WHAT TO PRODUCE :: For this exercise, repeat exactly the lines below starting at the line holding "living room featuring" and ending at the line holding "Vintage Wilton cast", both included, with no extra lines and no pictures.

RECORDED DATA ::
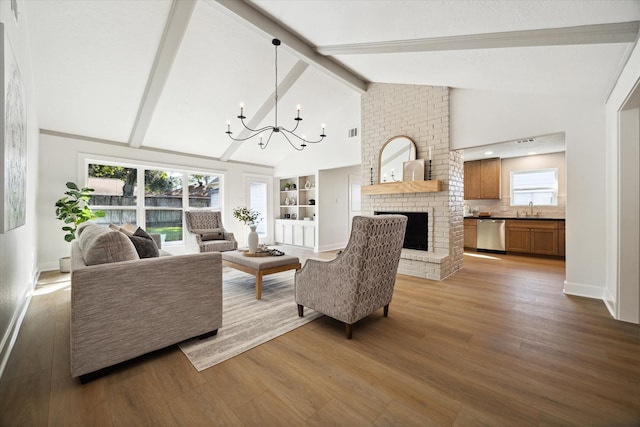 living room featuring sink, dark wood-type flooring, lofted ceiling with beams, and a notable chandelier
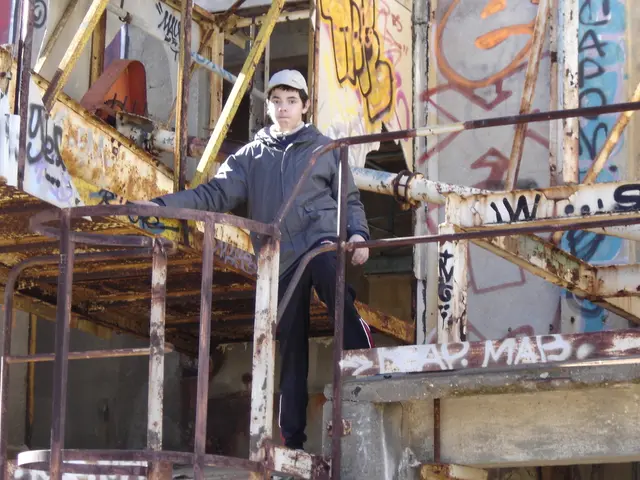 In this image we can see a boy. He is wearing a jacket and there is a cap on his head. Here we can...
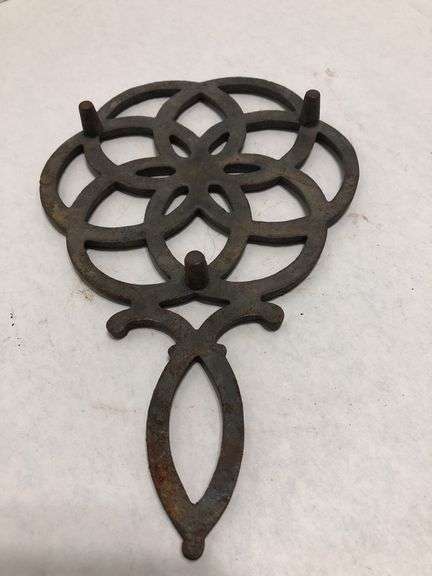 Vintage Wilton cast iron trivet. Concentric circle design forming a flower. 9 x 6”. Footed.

* * *

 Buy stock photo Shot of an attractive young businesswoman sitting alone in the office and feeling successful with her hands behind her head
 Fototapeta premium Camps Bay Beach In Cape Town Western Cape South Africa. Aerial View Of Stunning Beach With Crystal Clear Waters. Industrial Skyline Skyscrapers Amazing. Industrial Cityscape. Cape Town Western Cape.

EXERCISE SOLUTION ::
 living room featuring sink, dark wood-type flooring, lofted ceiling with beams, and a notable chandelier
 In this image we can see a boy. He is wearing a jacket and there is a cap on his head. Here we can...
 Vintage Wilton cast iron trivet. Concentric circle design forming a flower. 9 x 6”. Footed.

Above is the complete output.